Seventy years ago, on 17 June 1940, Lithuania, Latvia and Estonia were attacked by the Red Army and illegally annexed to the Soviet Union. This was a direct consequence of a pact made between Hitler and Stalin in September 1939, which also gave the USSR control of Finland and part of the territory of Poland and Romania. The European Parliament – our Parliament – was the first international organisation to condemn the fact that the Baltic countries had been occupied. This was in a resolution made 27 years ago in January 1983, which also recalled that the occupation had not been recognised by most of the countries of Europe or the United States.

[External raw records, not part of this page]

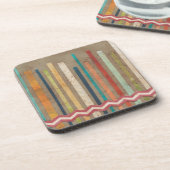 Dessous-de-verre Clôtures en papier II (Côté gauche)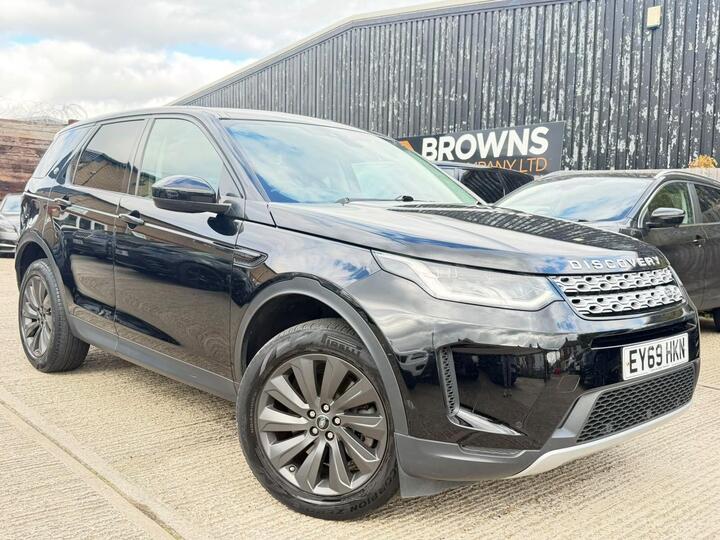 Land Rover Discovery Sport 2.0 D180 MHEV SE Auto 4WD Euro 6 (s/s) 5dr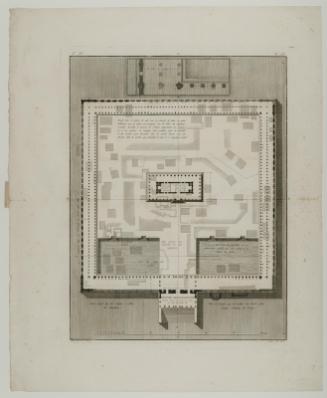 Plate from Voyage pittoresque de la Syrie, de la Phoenicie, de la Palaestine et de la Basse Aegypte: ouvrage divisé en trois volumes contenant environ trois cent trente planches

Let us remember, too, the first anniversary of the elections in Iran, particularly in view of the intense repression which is being widely used there. Last year, the authorities carried out 488 executions and imprisoned thousands of people. Many political prisoners are awaiting execution because they are said to have played a role in last year’s demonstrations. The European Parliament expresses its greatest alarm at the situation, especially in view of the lack of free speech and the right of assembly. The European Union, and Parliament in particular, is permanently opposed to capital punishment, regardless of the circumstances.

Today, in Milan, the funeral was held of the President of the Turkish Episcopal Conference, Bishop Luigi Padovese, who was murdered in Turkey. Unfortunately, this was another murder of a Christian clergyman in the region of the Middle East.

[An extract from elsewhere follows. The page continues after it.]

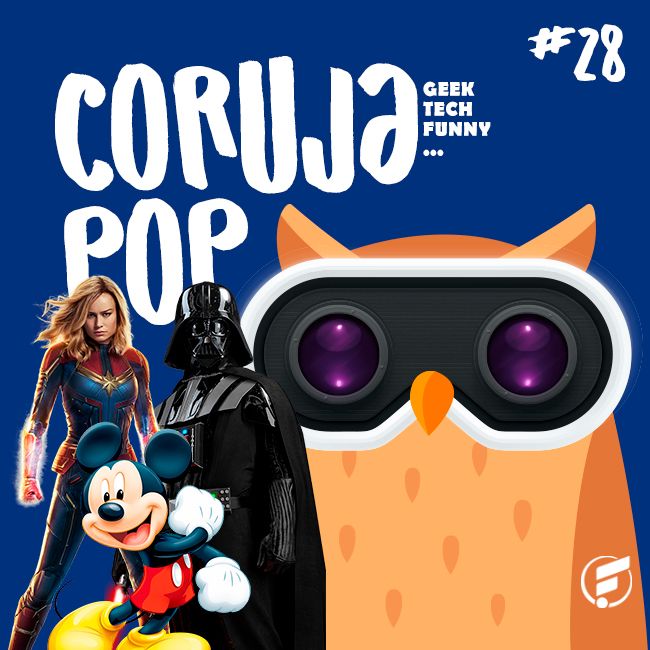 Coruja Pop #28 Disney+ no Brasil: o início de um sonho?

Last weekend in Lisbon and Madrid, I represented the European Parliament during celebrations marking the 25th anniversary of the accession of Portugal and Spain to the European Union. Both these countries have achieved great success in the Union, and we must not forget this, despite the fact that, today, they both stand before difficult economic reforms. We talked about this during the celebrations.

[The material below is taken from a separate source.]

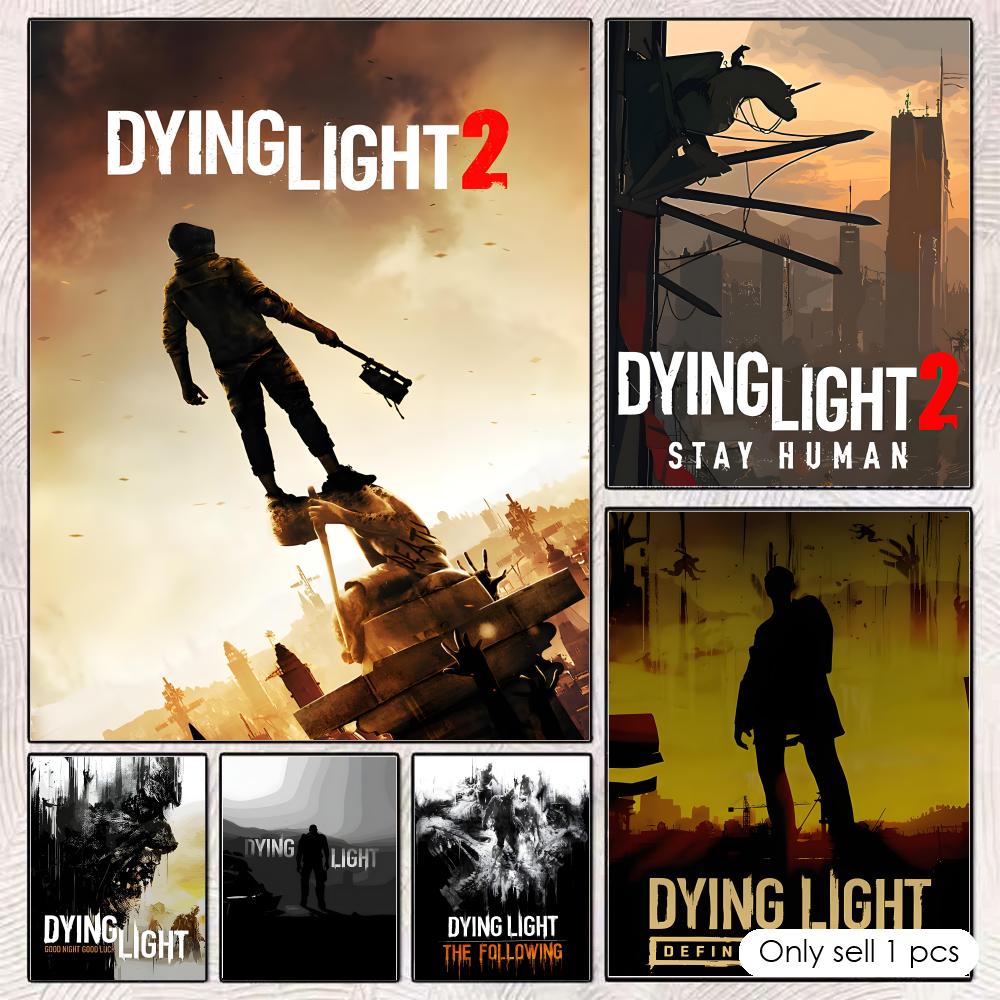Póster D-Dying L-LightS, decor - Esports Gaming Lounge reseña y precio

Yesterday, I was also in Luxembourg, where we celebrated the 25th anniversary of the signing of the Schengen Accords. It can be said that this is one of the most citizen-friendly accords. Our citizens understand this very well. The Schengen Accords provided a great stimulus towards building a European Union of the citizens.

In the last two weeks, I have made official visits to Greece and Romania. I expressed support for the people of these countries, and assured them that they can count on European solidarity. We also spoke about the fact that solidarity should always be accompanied by responsibility.

Finally, the last item of information. Recently, free parliamentary elections have been held in three countries of the European Union: Belgium, the Netherlands and Slovakia. To our fellow Members from these three countries we wish the rapid formation of governments, and we also hope for fruitful cooperation with the newly returned Members of the national parliaments with us – with the European Parliament. This is very important for the achievement of our common ideal – the ideal of a united Europe.